これほど短期間に発行金利が上昇すると、社債の発行を予定していた企業が想定以上の金利負担を強いられたり、場合によっては調達自体を断念し事業の計画の見直しなどを迫られる可能性もあります。
これは当然それらの企業業績に直結することになりますので、ハイ・イールド市場のデフォルト(≒倒産)リスクも高くなってしまいます。
そうなったときに投資マネーが一気に市場から退避するという動きも出てきます。
これがハイ・イールド債投資の1つめのリスク、金利のボラティリティーの高さです。
ちなみにハイ・イールド債の金利のボラティリティーが高くなる理由は、業績に不透明さがある企業ほどちょっとした出来事でも業績への不安を煽りやすく社債市場でもお金が集まりにくくなりやすいからです。
投資マネーの逆流が最初に起こる
ハイ・イールド債は好景気(景気拡大局面)で金利が低い時にはその利回りの高さから人気が集まりやすい投資先です。
また、好景気のときにはハイ・イールド債を発行するような信用力のあまり高くない企業であっても、比較的堅調な業績を維持しやすいので、デフォルト(≒倒産)リスクも低い水準に抑えられます。
そのためハイ・イールド債に投資する投資信託などは
好景気時にはデフォルト率もそれほど高くないうえ、分散投資の効果でリスクヘッジも効いていて、なおかつ利回りも相応に見込める優良な金融商品となります。

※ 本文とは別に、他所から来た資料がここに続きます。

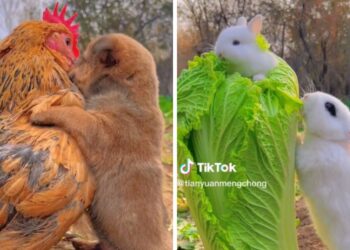 Questi simpatici video di cuccioli renderanno la tua giornata migliore: guardali!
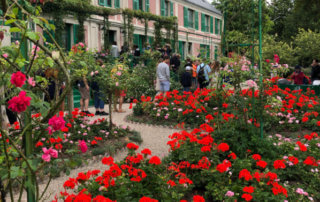 Pelargoniums devant la maison, jardins de Claude Monet, Fondation Claude Monet, Giverny (27)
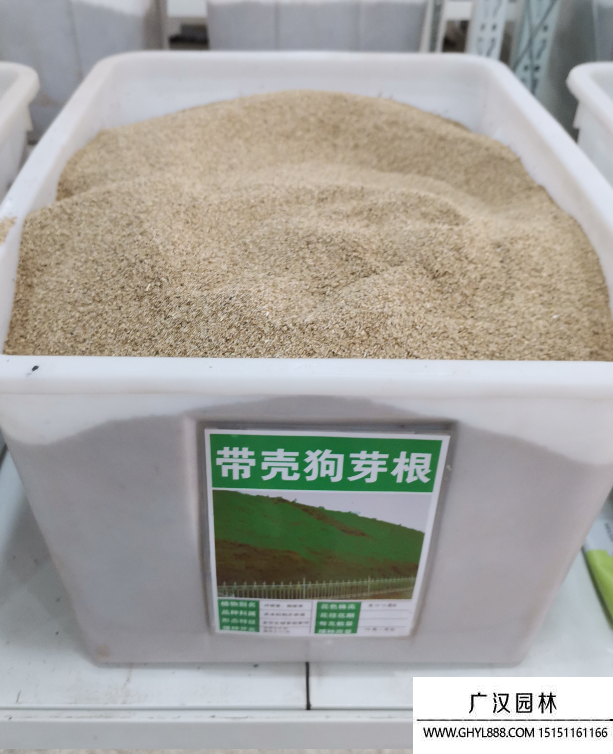 包衣帶殼狗牙根種子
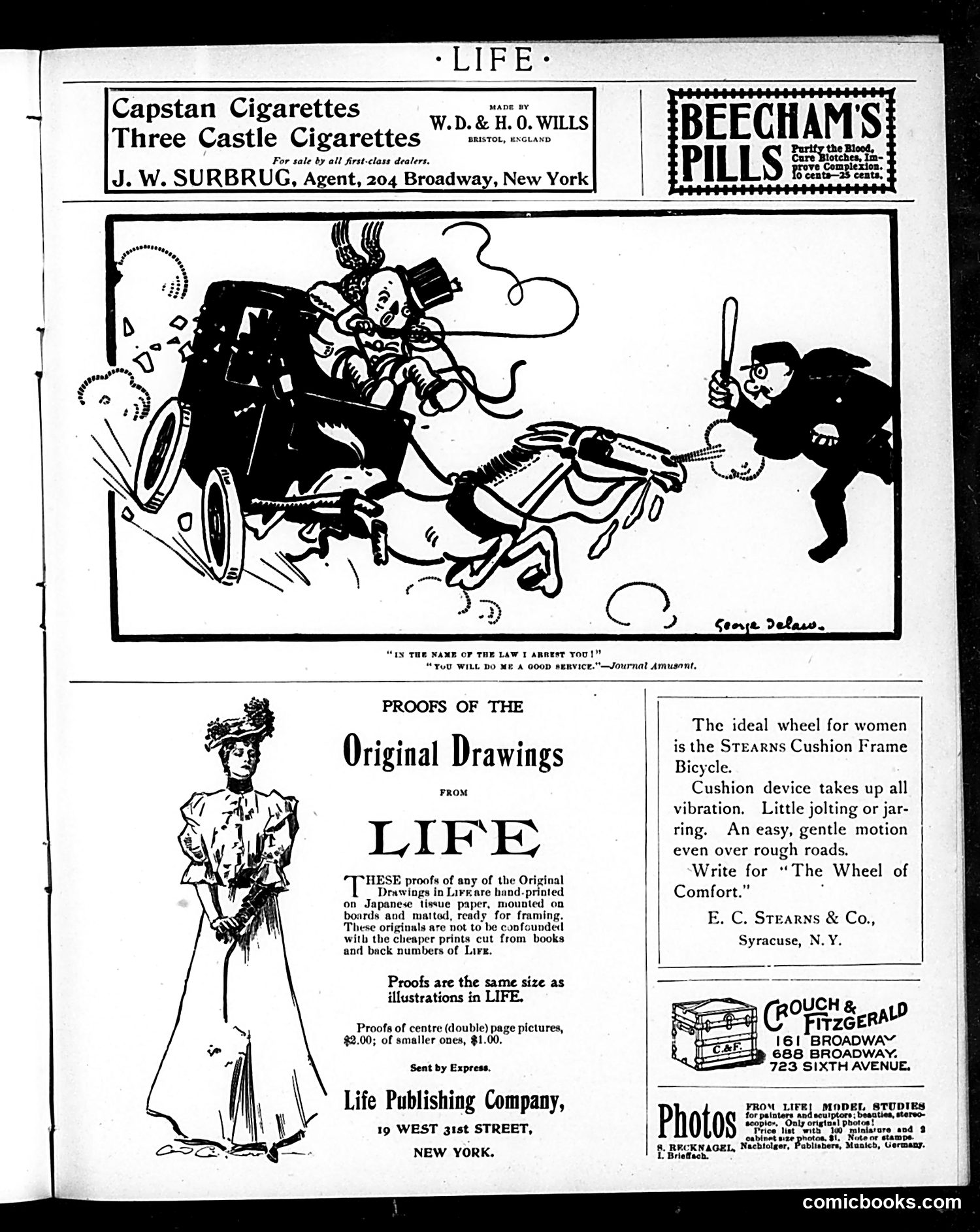 Life — June 15, 1899 — page 19 of 20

一方で、こうした相応のリスクがある商品(投資適格ではなく投機的水準の投資先)は、ハイ・イールド債に限ったことではありませんが、
景気後退局面には真っ先に資金が流出し価格が暴落しやすい
という側面があります。
元々投資には向かない(投資適格に満たない格付)ハイリスクな企業の社債です。
景気後退局面には真っ先に業績が悪化し、または悪化を懸念した投資家が資金を引き上げるため、デフォルト率が急騰します。
実際、リーマン・ショック直後のアメリカのハイ・イールド債のデフォルト(≒倒産)率は一時20%を超えるなど、景気悪化局面での極めて脆弱な面を実証してしまいました。
今回も先ほど申し上げた通り、ハイ・イールド債の金利が急騰し今後の予断を許さない状況です。
今回ハイ・イールド債市場が暴落した原因として、証券会社などは
「ハイ・イールド銘柄にはシェール関連企業が多く、原油価格の急落による業績悪化懸念が表面化したため。原油価格が落ち着きを取り戻せば、これらのシェール企業の業績も懸念が払しょくされる」などとして、
原油価格の急落が原因であり、あくまでも一過性のもの
というようなスタンスでのコメントが目立ちます。
この意見は正しいようで正しくないと筆者は考えています。
確かに
ハイ・イールド構成銘柄にシェール関連企業が多く、原油価格の急落によって業績悪化が懸念された
ことは事実でしょう。
一方で、本質的には
原油価格が急落した原因とハイ・イールド債が急落した原因は因果関係にあるのではなく、両者とも
世界的な景気後退局面に瀕してリスク・マネーが真っ先に逃避した
というまったく同じ理由から相場が暴落したと考えられるのです。
ハイリスクな投資先には「短期のマネー」しか存在しません。
株式の配当や優待を期待しての長期投資や、つみたてNISAやiDeCoを活用した長期の資産形成など、中長期的な観点のマネーはハイリスク投資には向きません。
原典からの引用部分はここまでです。